In Odes 1.23 Horace describes his erotic quarry as a young fawn, shivering in the wilds. Scholarship on the short poem often focuses on the springtime youthfulness of Chloe, the girl, (Commager 1962, Porter 1985), or on the possibility of danger in the poet’s desire (Ancona 1989, Fredricksmeyer 1994). Although scholars have debated the poet’s earnestness as a lover at length, discussion of Horace’s literary engagement with his poetic precursors is scant. In this paper, I propose that Horace incorporates two sets of archaic Greek verses, from Anacreon and Sappho, in 1.23 and that their presence offers us an alternative, potentially unsettling, approach to reading the poem. I suggest that Horace’s use of doubled allusions highlights— yet simultaneously sabotages—a sense of simplicity and innocence created by its setting in a natural landscape through the equation of woman as beast.
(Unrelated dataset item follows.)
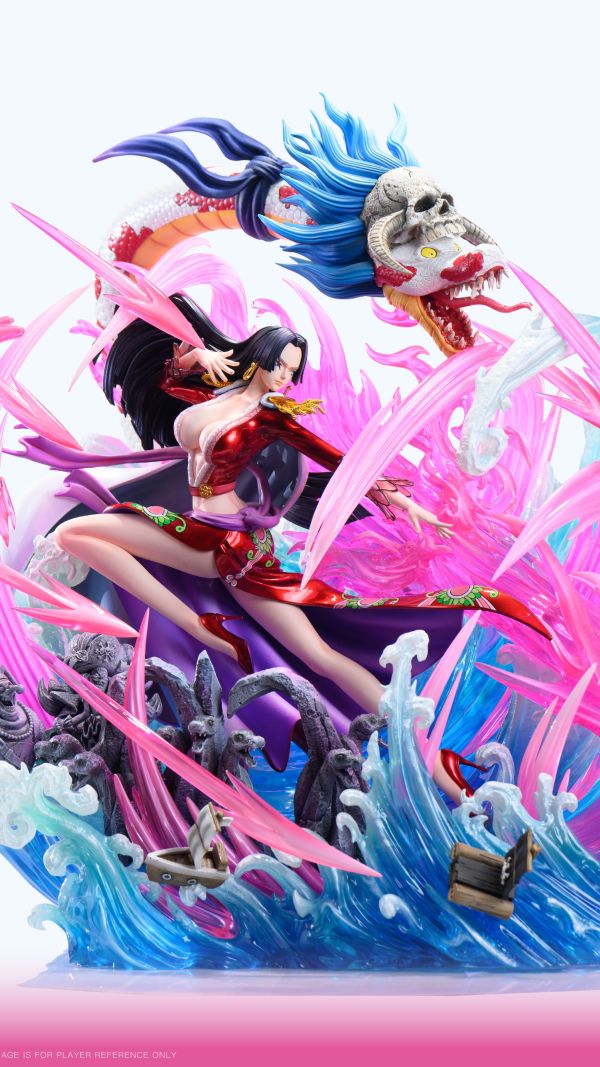 【預購】星耀 女帝 波雅·漢考克 蛇島保衛戰 海賊王 心蹤,shinzou,GK,雕像,公仔,玩具,模型,一番賞,GK模型,GK雕像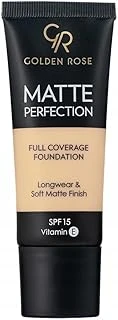 Matte Perfection Foundation - 01 - Yoğun Kapatıcı Mat Fondöten ürün görseli 1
The poem begins with an amalgamation of two fragments of Anacreon, joining a description of a distraught, suckling fawn separated from its mother (PMG 408) with the innuendo-ridden Thracian filly poem (PMG 417). Like Anacreon, Horace situates himself as a voyeur, watching a young woman and courting her through the poem itself. Yet the pairing is not an easy analogy: while the riding of horses has obvious sexual connotations (Rosenmeyer 2004), such sexuality does not easily translate to a young deer. Indeed, while Anacreon’s filly plays, Horace’s fawn panics. The glaring differences between the poetic animals indicate a significant gulf in terms of the emotional tones of the two authors. To fill this gap I propose the presence of another archaic voice in 1.23: Sappho.
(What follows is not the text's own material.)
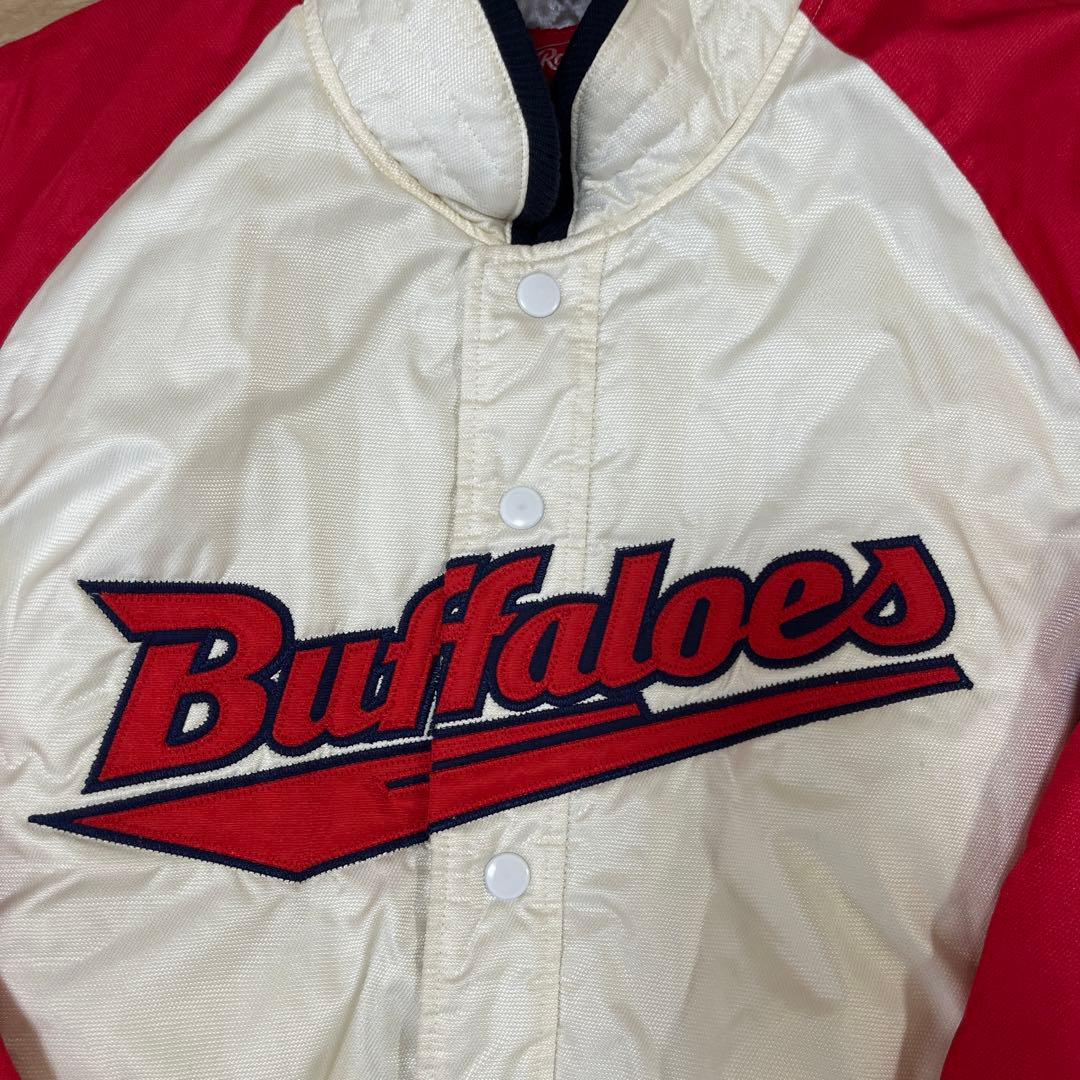 近鉄バファローズ　グラウンドコート　金村　義明　オリックス　背番号28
In addition to the two Anacreon intertexts, Horace connects aspects of two Sappho poems: fragments 31 and 58. The greenness inherent in the name of Horace’s beloved Chloe combines with the double emphasis on the fawn’s trembling (inhorruit, 5 and tremit, 8) to point to an intertext with Sappho 31: “a trembling seizes me entirely, and I am greener than grass” (τρόμος δὲ / παῖσαν ἄγρει, χλωροτέρα δὲ ποίας / ἔμμι, 13-15). The trembling in Sappho’s poem, whether from jealousy, love, or both, comes upon the speaker as she gazes, whereas Horace’s fawn trembles lest she be gazed upon by a potential lover.
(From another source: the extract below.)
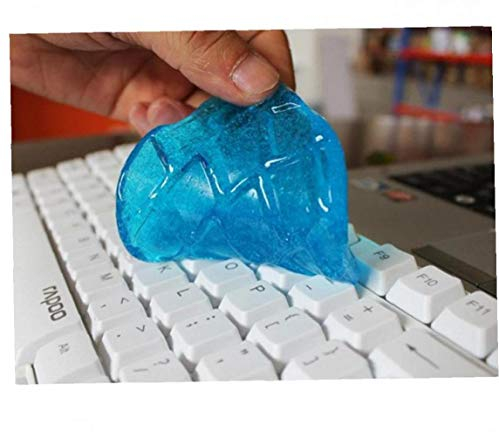 Universal Cleaning Glue Cleaner Dust Slimy Gel for Keyboard Wipe Compound Laptop Sponge Products Random Color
The poem’s engagement with Sappho does not end with the allusion to 31; Horace adds another layer of complexity to 1.23 by incorporating aspects of a couplet from Sappho 58 (the “new Sappho”), a parallel so far unnoticed by scholars. While Horace’s fawn “trembles in both her heart and knees” (et corde et genibus tremit, 1.23.8), Sappho notes the same body parts in the context of aging: “My heart is made heavy, and my knees, which once were as swift as fawns for dancing, will not carry me.” (βάρυς δέ μ᾽ ὀ θῦμος πεπόηται, γόνα δ᾽ οὐ φέροισι, / τὰ δή ποτα λαίψηρ᾽ ἔον ὄρχησθ᾽ ἴσα νεβρίοισι, 58.13-14). Our ability to read the interconnectedness of the two poems is strengthened as Sappho finishes the couplet with her own fawn simile (14).

Thus, Horace’ fawn simile may be read as the nexus of the poem, entangling Anacreon’s filly with Sappho’s overpowering passions. This doubled allusiveness undercuts an understanding of this poem as a straightforward wooing of a girl (pace Fredricksmeyer 1994). Rather, by combining the voices of two poetic predecessors Horace takes on the double role of erotic hunter and failed lover, even as he courts the ripe young woman.

Works cited:
Ancona, R. 1989. “The Subterfuge of Reason: Horace Odes 1.23 and the Construction of Male Desire.” Helios 16: 49-57.

Commager, S. 1962. The Odes of Horace: A Critical Study. Yale University Press.

Fredricksmeyer, E.A. 1994. “Horace’s Chloe (“Odes” 1.23): Inamorata or Victim?” CJ 89: 251-59.

Lowrie, M. 1997. Horace’s Narrative Odes. Oxford University Press.



Porter, D. 1985. “Chloe and Phyllis: Horace, Carmina 1.23 and 4.11.” CP 80: 137-39.

Rosenmeyer, P. 2004. “Girls at Play in Early Greek Poetry.” TAPA 125: 163-78.